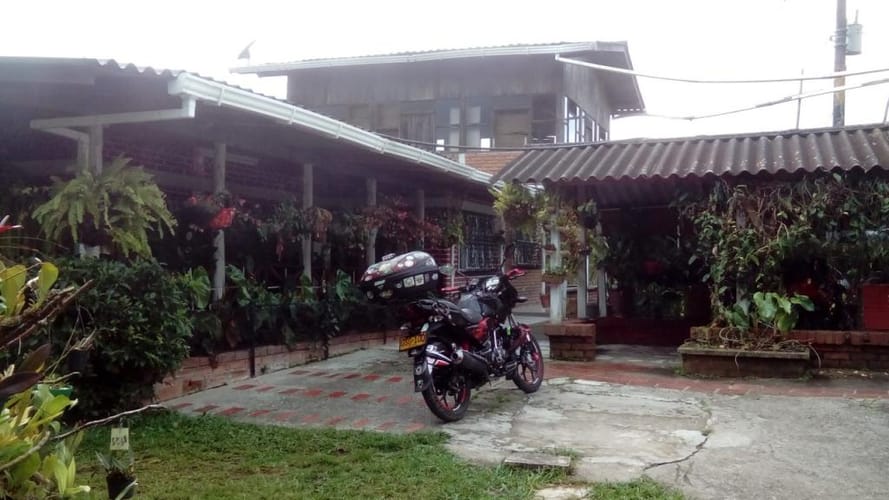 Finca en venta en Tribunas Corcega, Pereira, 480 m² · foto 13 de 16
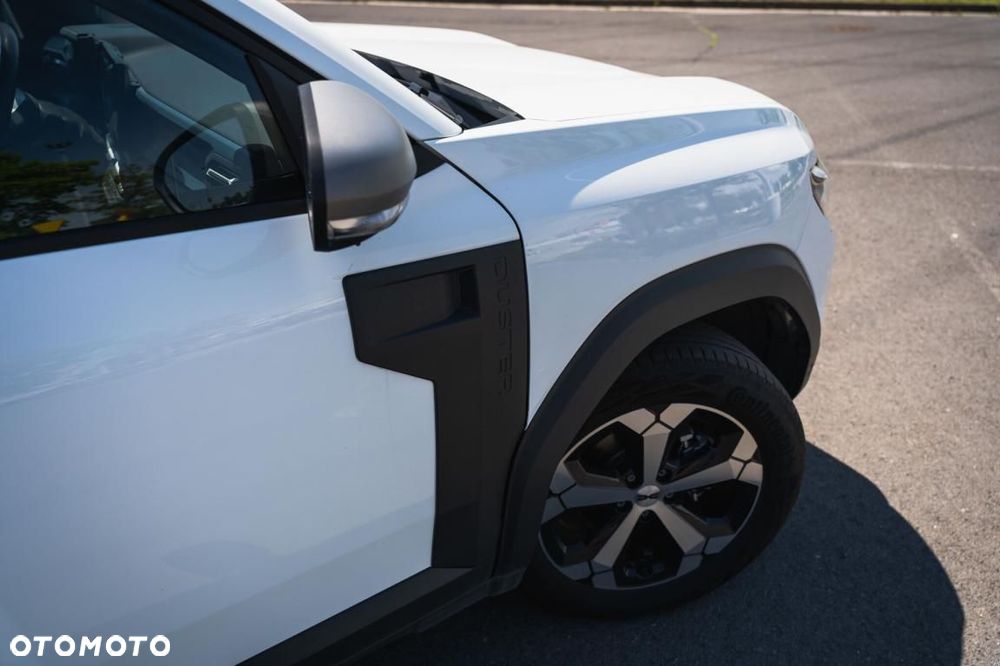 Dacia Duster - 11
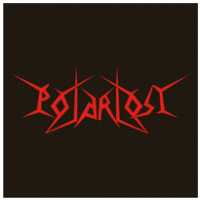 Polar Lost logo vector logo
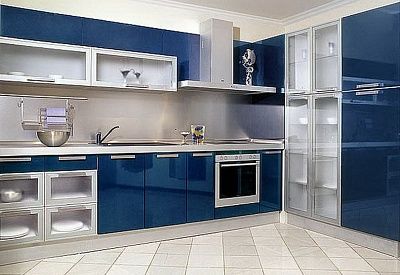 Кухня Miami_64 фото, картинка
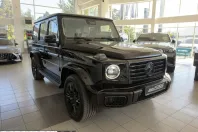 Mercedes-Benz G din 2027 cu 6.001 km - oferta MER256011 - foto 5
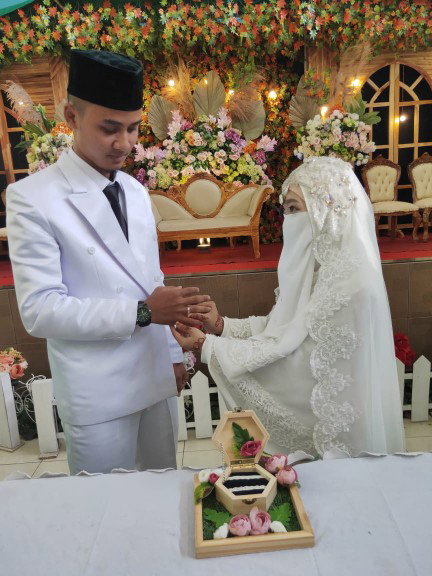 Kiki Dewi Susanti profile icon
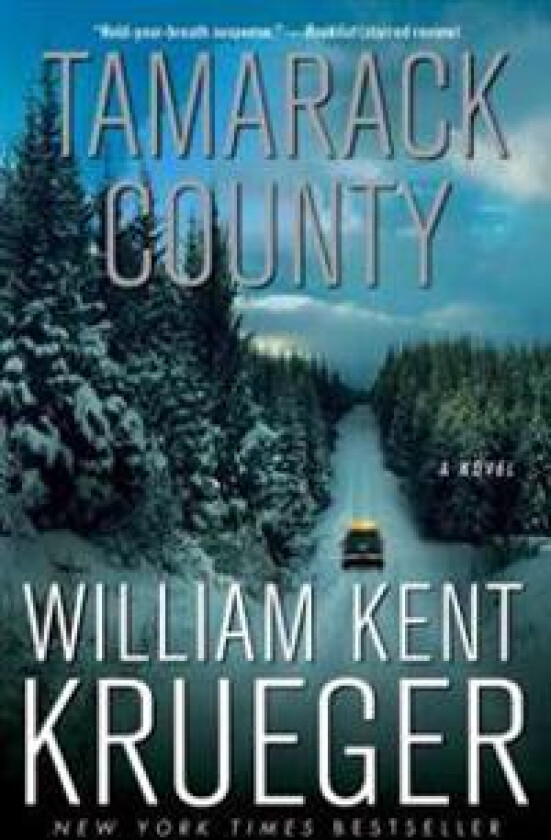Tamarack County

▸ **Exercise prompt**
Beginning with the line that contains "Mercedes-Benz G din", reproduce every line through the end of the records above exactly, leaving pictures out.

▸ **Expected answer**
 Mercedes-Benz G din 2027 cu 6.001 km - oferta MER256011 - foto 5
 Kiki Dewi Susanti profile icon
Tamarack County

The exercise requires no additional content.